Pharmacokinetics and Pharmacodynamics of the Etonogestrel Contraceptive Implant When Co-administered With Efavirenz

Status:
Terminated

Trial end date:
2018-04-04

Target enrollment:
0

Participant gender:
Female

Summary

This study evaluates whether there is an interaction between etonogestrel, the progestin hormone released by the contraceptive implant Nexplanon, and efavirenz, a common medication used to treat HIV. The endpoints measured in this study will help determine if such an interaction leads to decreased contraceptive efficacy of the contraceptive implant.

Phase:

Phase 4

Accepts Healthy Volunteers?

Accepts Healthy Volunteers

Details

Lead Sponsor:

Johns Hopkins University

Collaborators:

American College of Obstetricians and Gynecologists
The Campbell Foundation

Treatments:

Contraceptive Agents
Efavirenz
Etonogestrel

Criteria

Inclusion Criteria:

- Healthy women aged 18-40 years who have a Nexplanon®/Implanon® in place that is
palpable on exam, had the device placed between 12 and 24 months prior to enrollment,
and can provide documentation of when the implant was placed

- Able to speak and read English

- Documented HIV-negative status within 30 days of enrollment

- BMI between 18.5 and 24.9 kg/m2

- Willingness to take a two-week course of efavirenz

- Willingness to comply with study visit schedule (as described below), including blood
sampling, transvaginal ultrasounds, and cervical mucus assessment

- Negative urine human chorionic gonadotropin pregnancy test at study entry

- Normal laboratory values within 30 days of study entry, as specified below:

- White blood cell count ≥ 4500 and ≤ 11000 cells/mm3

- Platelet count ≥ 100,000 platelets/mm3

- Hemoglobin ≥ 8.0 g/dL

- International normalized ratio (INR) ≤ 1.8

- Aspartate transaminase (SGOT) and alanine aminotransferase (SGPT) ≤ 3 times the
upper limit of normal (ULN) (upper limit of normal)

- Creatinine ≤ 1.5 x ULN

- Serum amylase ≤ 1.5 x ULN

- Total bilirubin ≤ 2.0 x ULN

- Agree to use an additional reliable method of contraception while participating in the
study.

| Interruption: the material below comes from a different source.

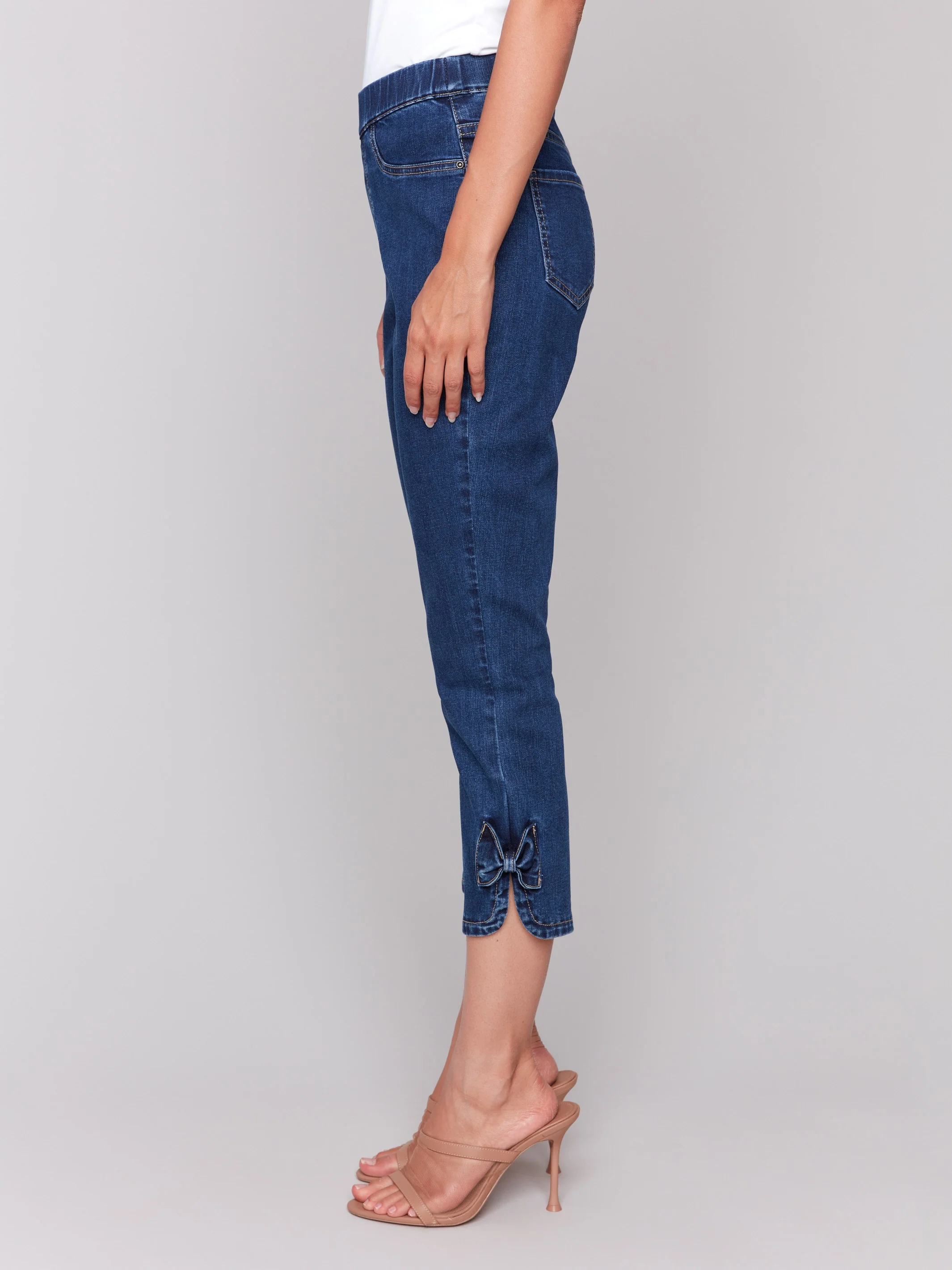 Pull-On Jeans with Bow Detail - Indigo - Image 3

Acceptable methods include:

- Abstinence

- Condoms (male or female) with or without spermicide

- Pre-existing sterilization of subject or her male partner

- Willingness to abstain from alcohol consumption during the study period

- Willingness to abstain from any grapefruit product or supplement for the duration of
the study.

Exclusion Criteria:

- Breastfeeding

- Hypersensitivity to efavirenz

- History of seizure disorder

- Initiated, discontinued, or changed doses of drugs that are cytochrome P450 isoenzyme
3A4 (CYP3A4) inducers or inhibitors within 30 days of study entry.